Core keywords: *instruction*, *branching*, *if-then-else*,
*recursion*, *divide-and-conquer*, *programming language*,
*syntax*

Related assignments: problem set 1

This section is an introductory lesson to programming in the real-life language, Haskell. Students gain a practical knowledge of how to write functions in Haskell that do simple calculations. Students gain first-hand experience in writing, debugging, and running programs from an interactive interpreter session. Students are exposed to real-life examples of a program’s efficiency and correctness. Students end this section able to write several simple Haskell programs and use basic debugging strategies.

Core keywords: *function call*, *call stack*,
*prompt*, *list*, *infinite recursion*, *substring*,
*logic error*, *syntax error*

Related assignments: problem set 2

This section extends students’ understanding of programming and equips students with more tools to solve problems with a computer. Polymorphic functions are introduced. Code style, good organization, and use of comments are introduced. Basic recursive data types are introduced, and their efficiencies are discussed. Students end this section with the confidence and ability to write their own, complete Haskell programs.

Core keywords: *type*, *type class*, *recursive data structure*,
`map`

, `fold`

Related assignments: problem set 2

This section completes students’ understanding of Haskell
by presenting monads and more advanced types like `Maybe`

.

Core keywords: `Maybe`

, `fmap`

, *monad*

Related assignments: problem set 3

This section presents the concept of an algorithm and introduces mathematical and scientific methods for evaluating the efficiency of an algorithm. Asymptotic analysis is presented. Several well-known algorithms are presented for solving practical computer science problems. Insertion sort and merge sort are introduced. Students end this section with the ability to evaluate the performance of their programs and recall efficiency proofs for many classic problems.

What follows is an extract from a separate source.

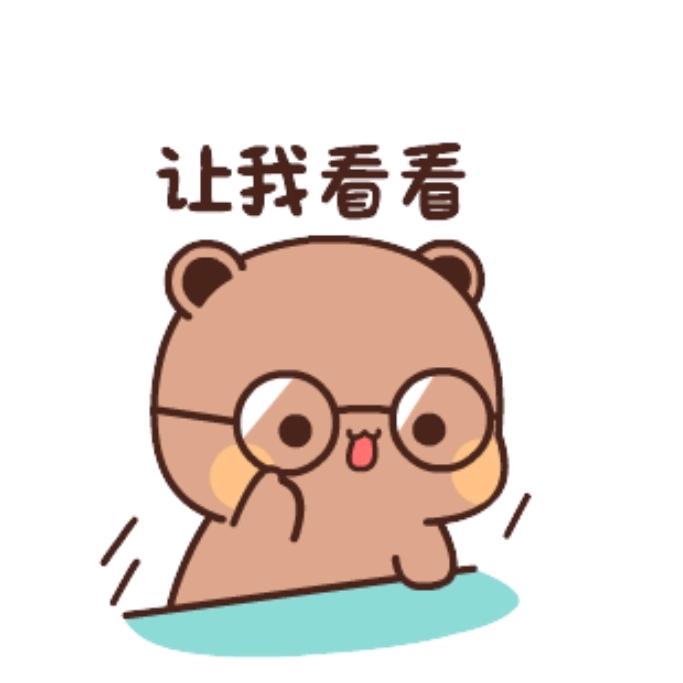 布布一二爱生活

Core keywords: *algorithm*, *big-O notation*, *big-theta notation*,
*asymptotic analysis*, *insertion sort*, *merge sort*

Related assignments: problem set 4

In this section, classic data structures are introduced and their usefulness in different contexts are discussed. Students apply their analysis skills from the previous section to categorize and reason about the time and space complexity of each data structure. In a final programming assignment, students implement and use several data structures to solve novel problems. Students end this section with a strong grasp of common data structures.

Core keywords: *abstract data type*, *stack*, *queue*,
*binary tree*, *balanced binary tree*, *hash table*, *graph*

Related assignments: problem set 5